Task item: Restate, exactly as written, the entries below from the line that holds "Young woman smiling" through the line that holds "Grade 6s coding with their learning buddies.". Pictures are not part of the copy.

[Available data]

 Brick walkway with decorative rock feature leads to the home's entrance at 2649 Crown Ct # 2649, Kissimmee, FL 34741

[/Available data]
[Available data]

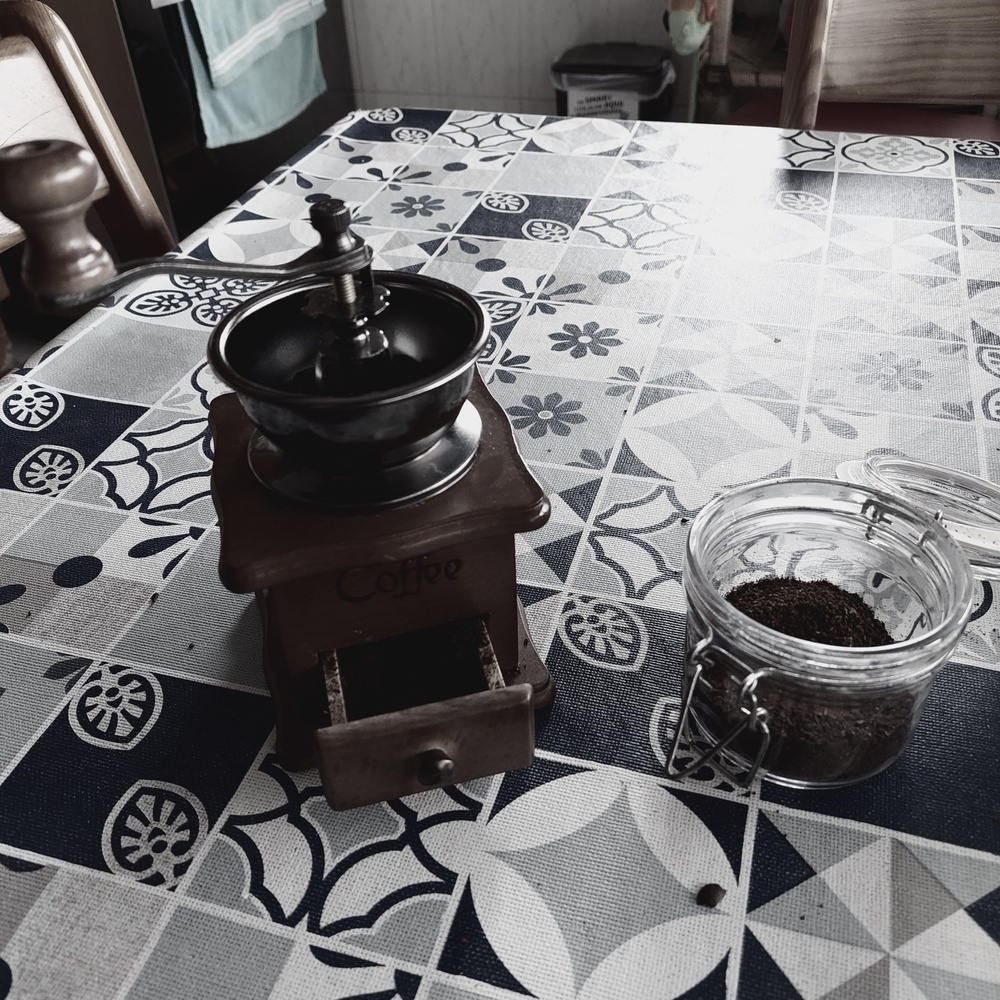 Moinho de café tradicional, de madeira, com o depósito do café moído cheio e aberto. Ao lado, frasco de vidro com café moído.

[/Available data]
[Available data]

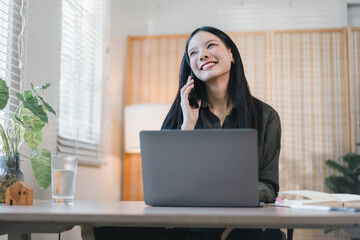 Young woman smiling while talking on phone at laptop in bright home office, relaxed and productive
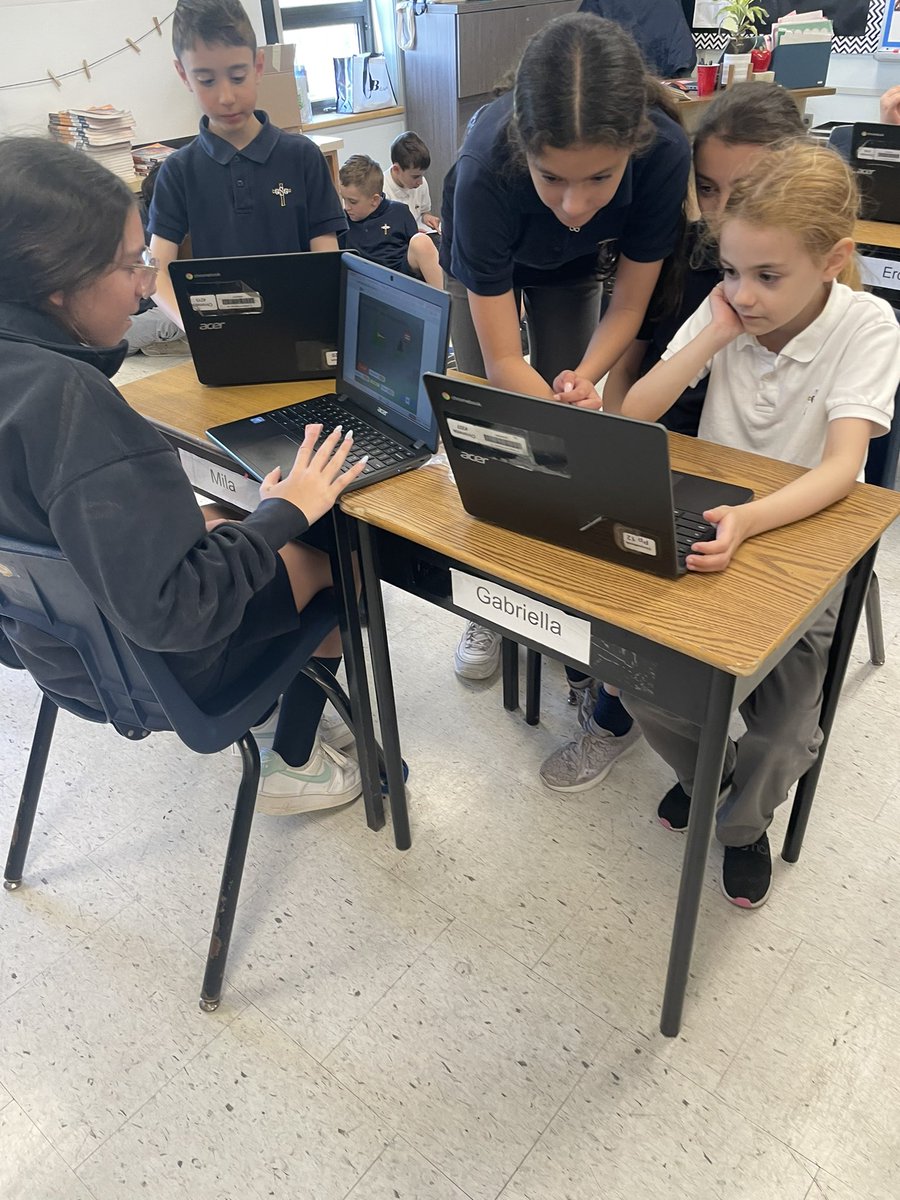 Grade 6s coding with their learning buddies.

[/Available data]

Output of the task:
 Young woman smiling while talking on phone at laptop in bright home office, relaxed and productive
 Grade 6s coding with their learning buddies.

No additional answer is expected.